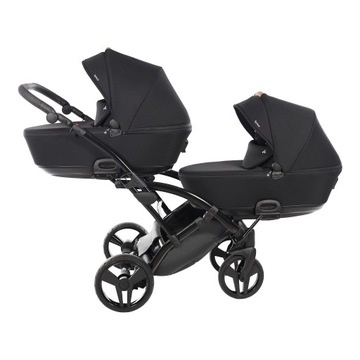 WÓZEK BLIŹNIACZY JUNAMA DUO SLIM SPACE 2w1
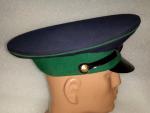 Service cap  for personnel militarized guard  70-yy.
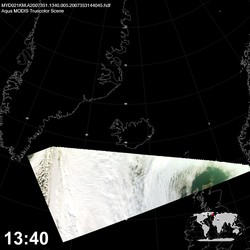 Level 1B Image at: 1340 UTC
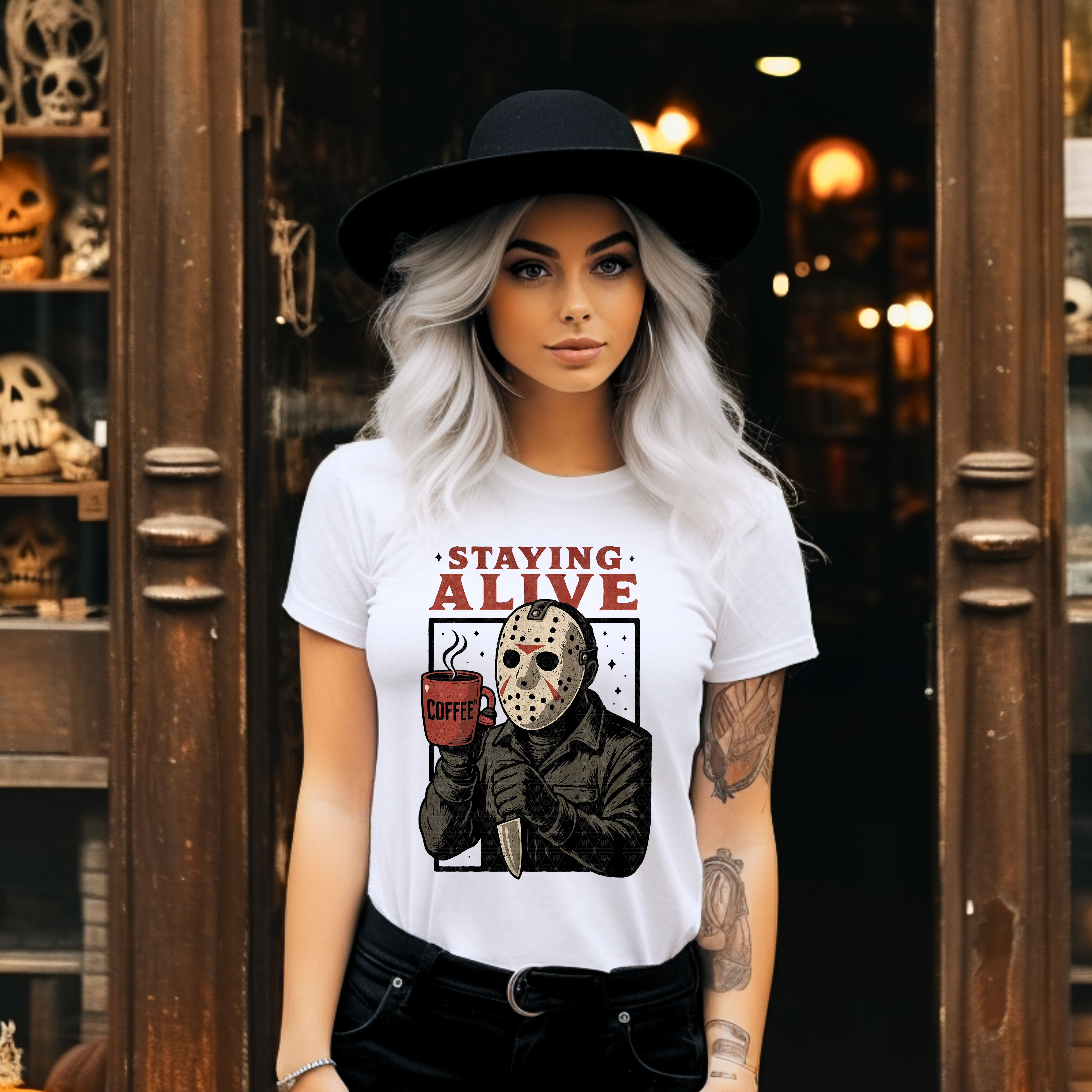 Staying Alive Jason
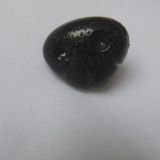 Bezpečnostní čumáček velký černý 23 x 29 mm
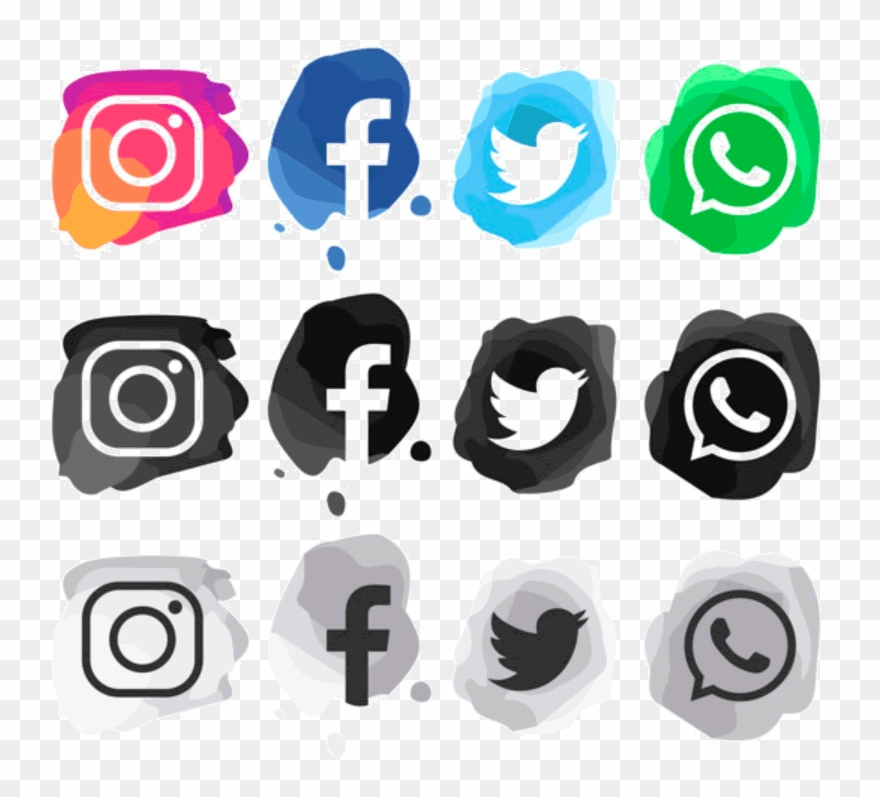 From Social Media Campaigns To Direct Marketing And - Logos De Las Redes Sociales Clipart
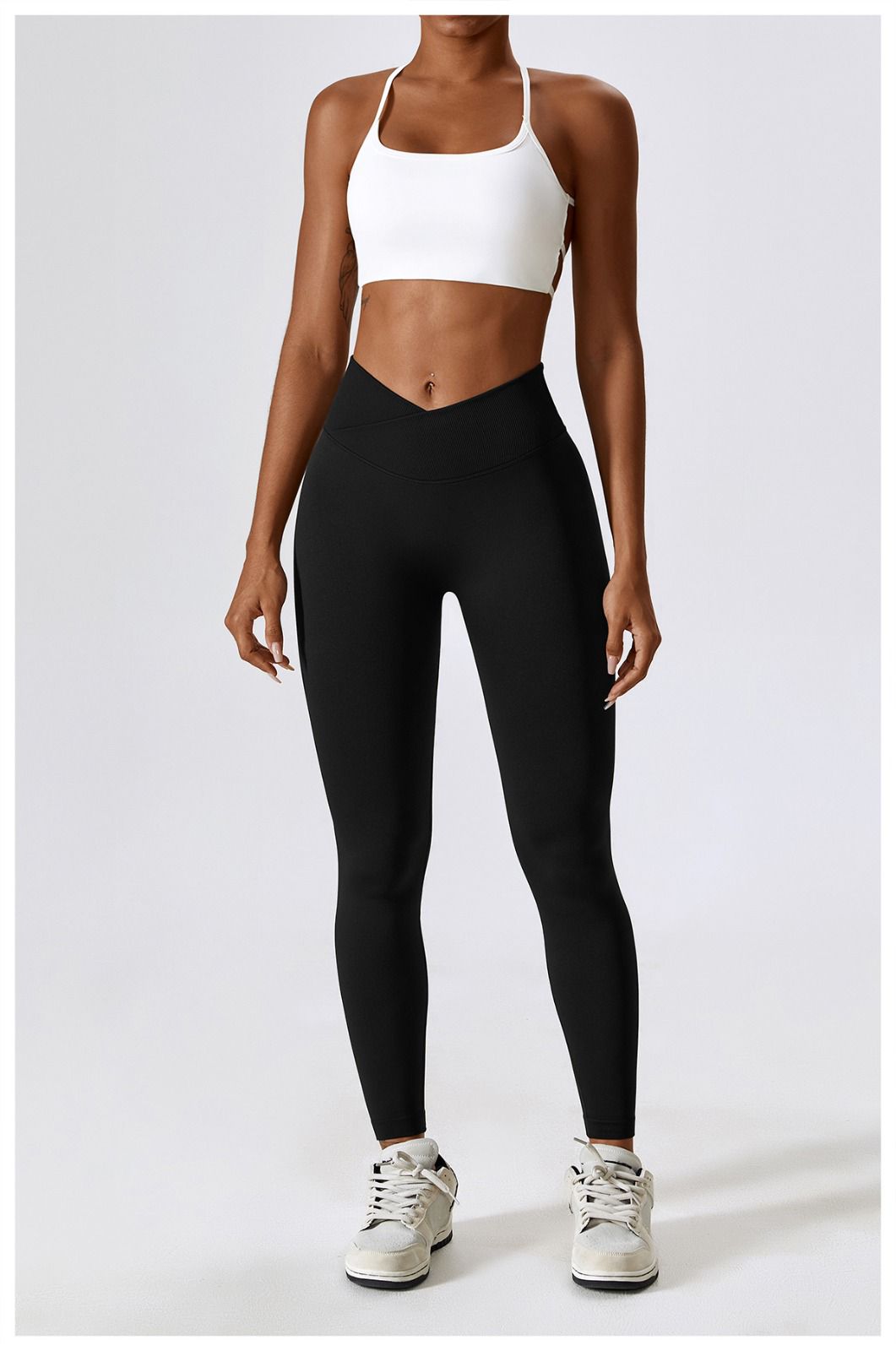 V-Waist Scrunch Bum Leggings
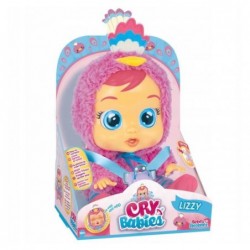 Cry Babies lalka Płaczący bobas 28cm dla dzieci 18m+ TM Toys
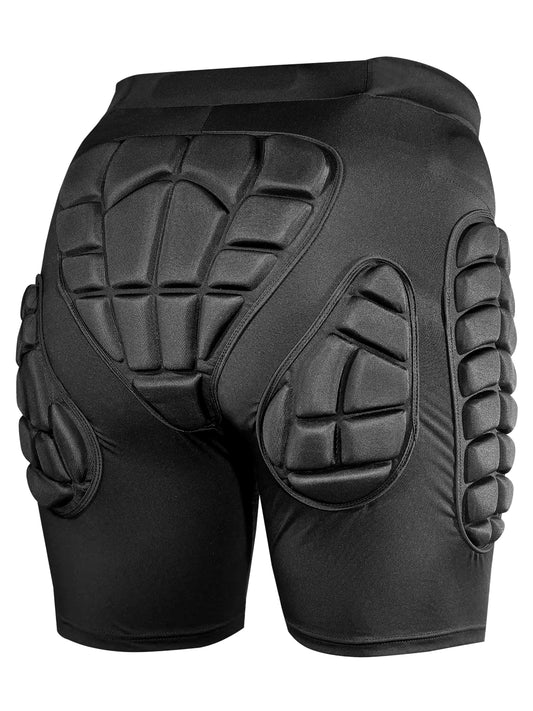 Protective Snowboard & Ski Impact Shorts – Padded Hip, Tailbone & Thigh Crash Protection Gear for Winter Sports”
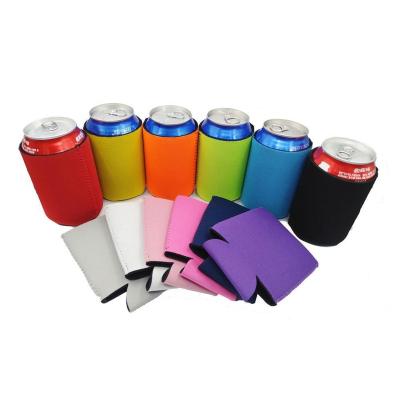 China Cheap Neoprene Insulated Drinks Cooler Sleeve Beer Holder Custom for sale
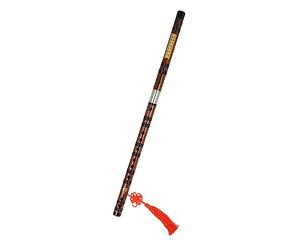 Warmhm Bamboo Flute Beginner in D Key Traditional Chinese Musical Instrument Portable Cloth Box for Boys and Girls and Beginners Learning to Play The Flute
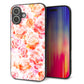 iPhone16 Plus 強化ガラス＆TPUスマホケース ガラプリ【SC930 ローズ レッド】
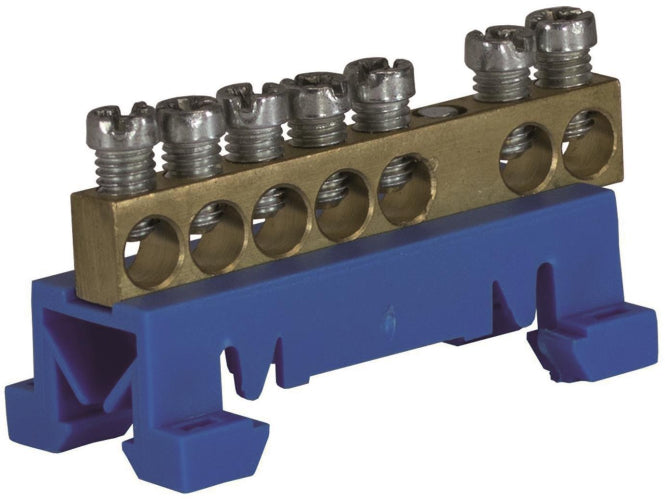 FTG Nullleiterklemme 7x10qmm      870N/7 blau ABB SZ-N6/3 AEG LK/N7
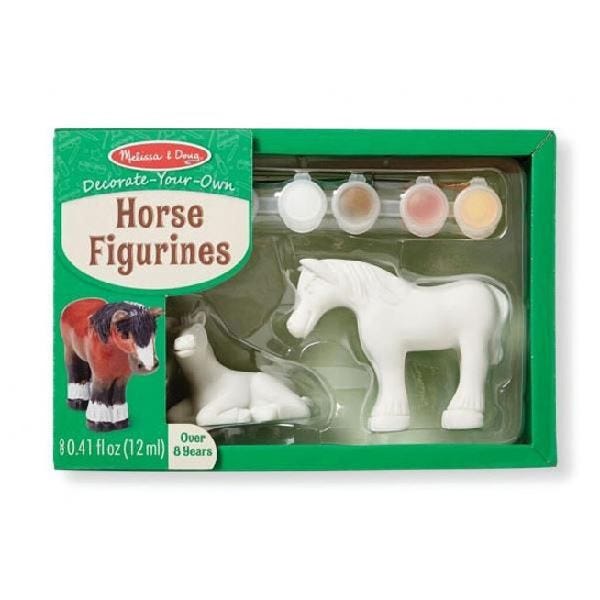 Melissa and Doug Created by Me! Horse Figurines Craft Kit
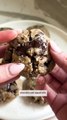 Vegan Tahini Chocolate Chip Cookies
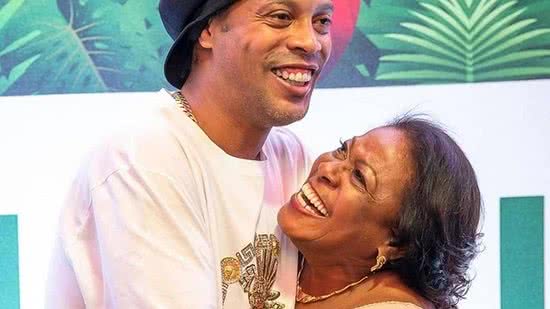Ronaldinho Gaúcho perdeu a mãe em fevereiro por conta de Covid-19 - Reprodução/Instagram @ronaldinho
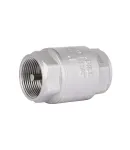 Обратный клапан Thermo Alliance Forte 1 1/4″ ВВ никелированный с латунным штоком — фото 3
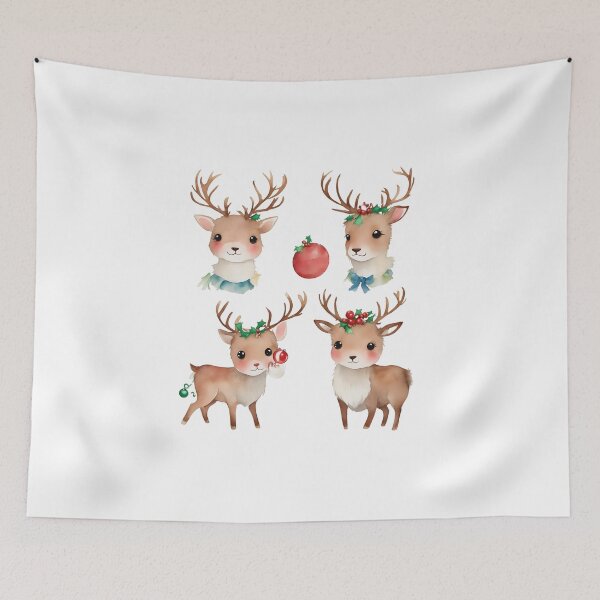 Item preview, Cute Reindeer, designed and sold by Jayjaynaenae.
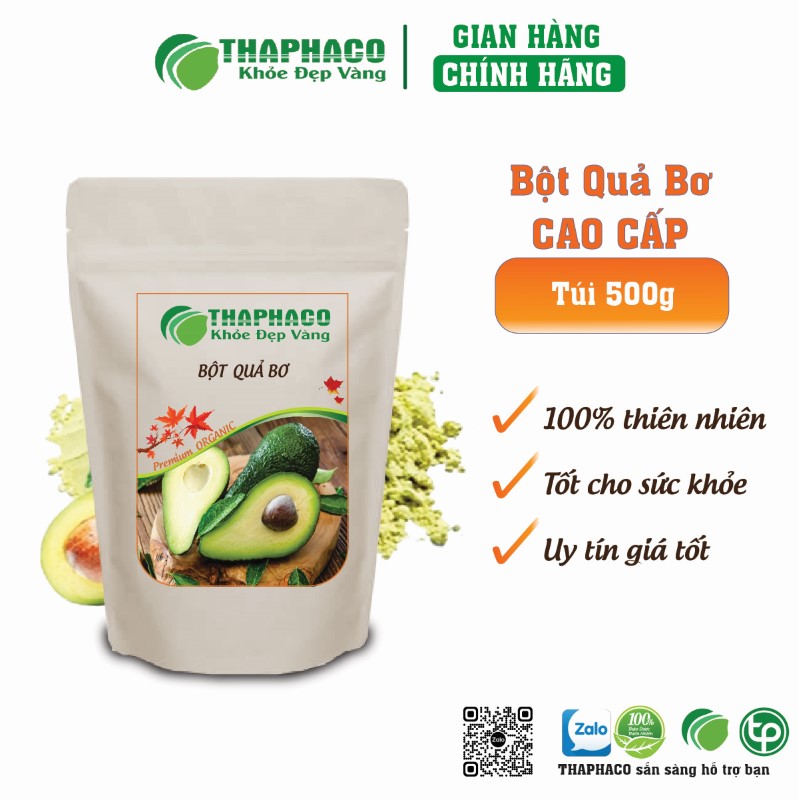 Bột Quả Bơ góp phần tăng cường sức đề kháng, bảo vệ cơ thể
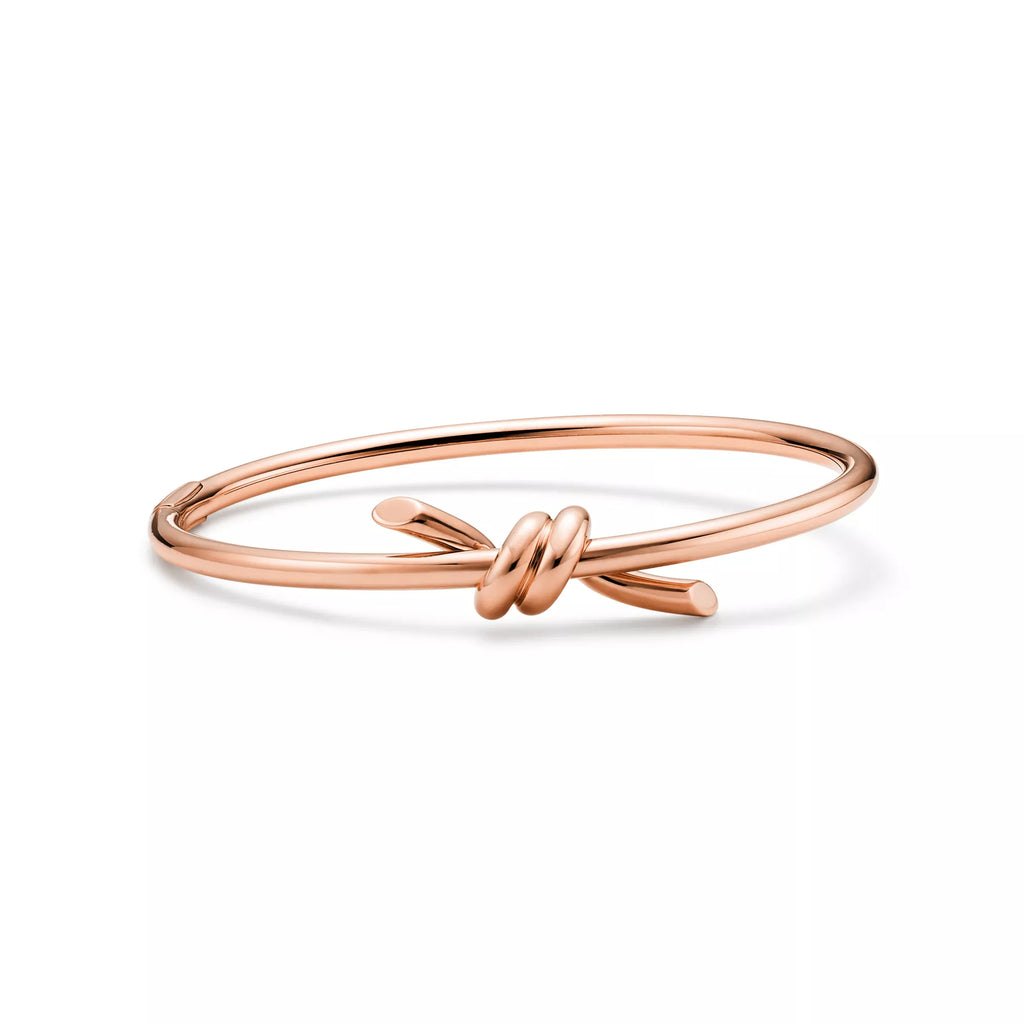 [Camiery] TF Lucent Bracelet - Wire Bangle in Rose Gold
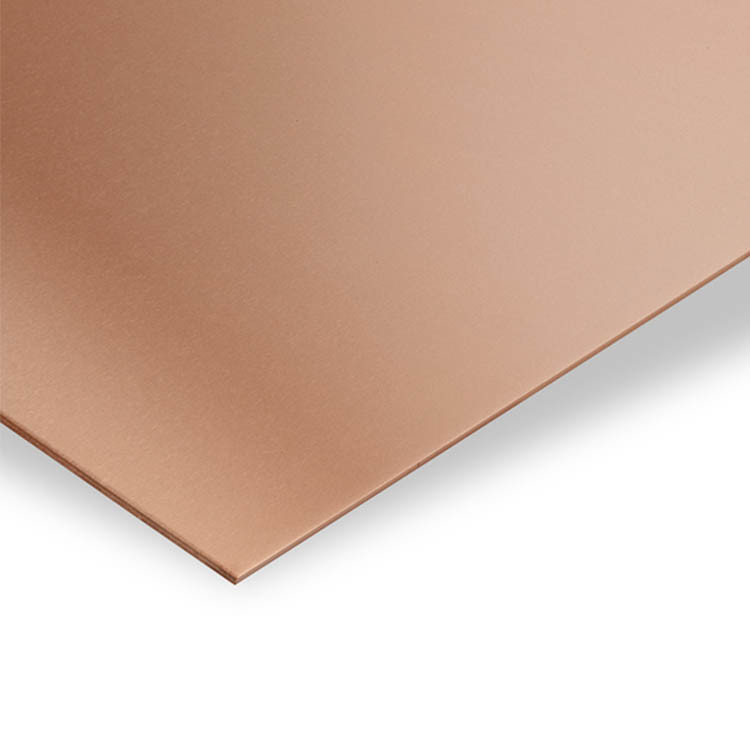 Customized Copper Sheet Plate Coil 1mm 2mm Thickness O-H112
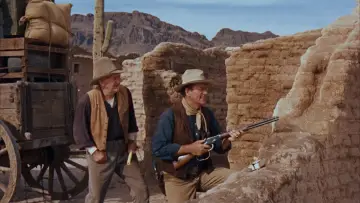 Zasłona do filmu "Rio Bravo" #681203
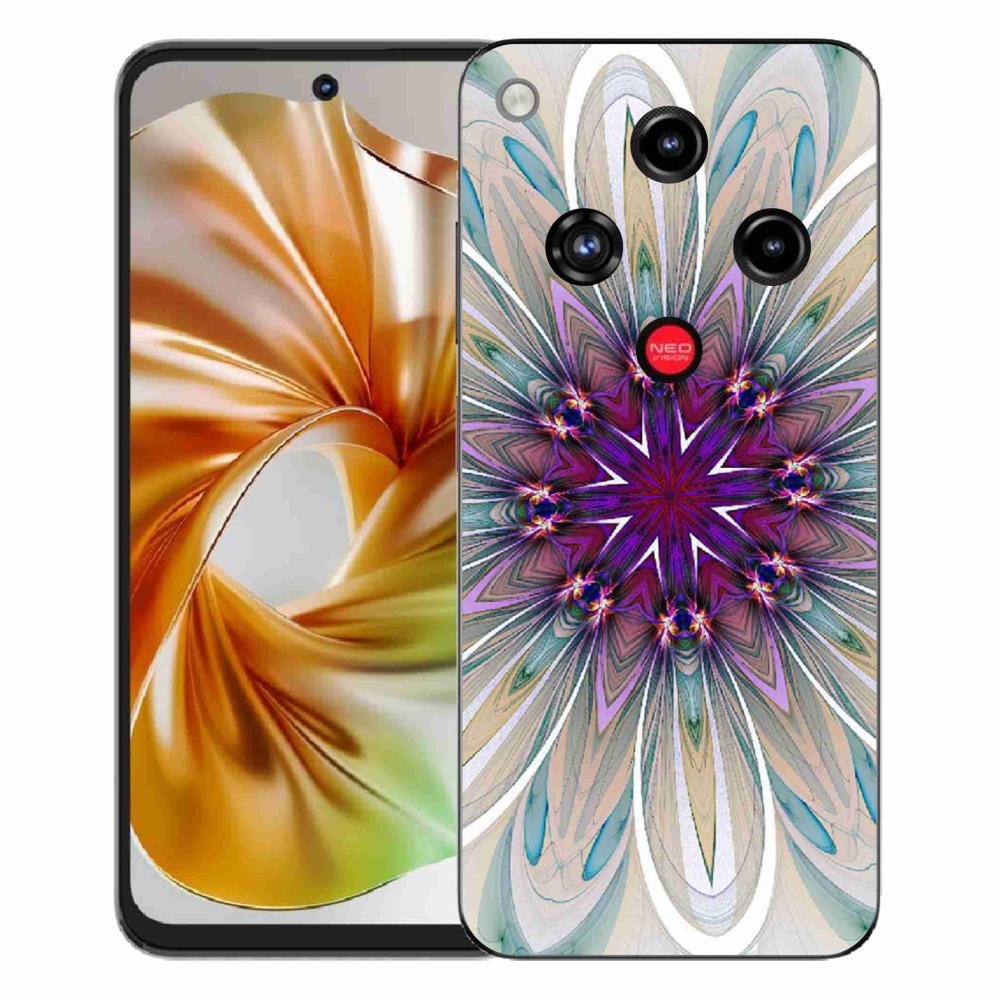 Gélový kryt mmCase na ZTE Nubia Focus 2 - abstrakt 10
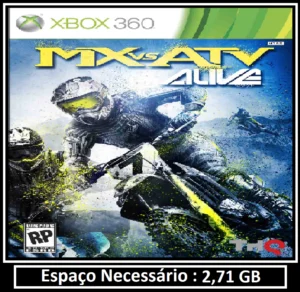mx vs atv live transferência de licença xbox 360 digital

++++++

Goal of the exercise
A verbatim reproduction is expected: starting at the line above that has "From Social Media", ending at the line that has "FTG Nullleiterklemme 7x10qmm", both included, and with no pictures and no other lines.

Result for this task
 From Social Media Campaigns To Direct Marketing And - Logos De Las Redes Sociales Clipart
 V-Waist Scrunch Bum Leggings
 Cry Babies lalka Płaczący bobas 28cm dla dzieci 18m+ TM Toys
 Protective Snowboard & Ski Impact Shorts – Padded Hip, Tailbone & Thigh Crash Protection Gear for Winter Sports”
 China Cheap Neoprene Insulated Drinks Cooler Sleeve Beer Holder Custom for sale
 Warmhm Bamboo Flute Beginner in D Key Traditional Chinese Musical Instrument Portable Cloth Box for Boys and Girls and Beginners Learning to Play The Flute
 iPhone16 Plus 強化ガラス＆TPUスマホケース ガラプリ【SC930 ローズ レッド】
 FTG Nullleiterklemme 7x10qmm      870N/7 blau ABB SZ-N6/3 AEG LK/N7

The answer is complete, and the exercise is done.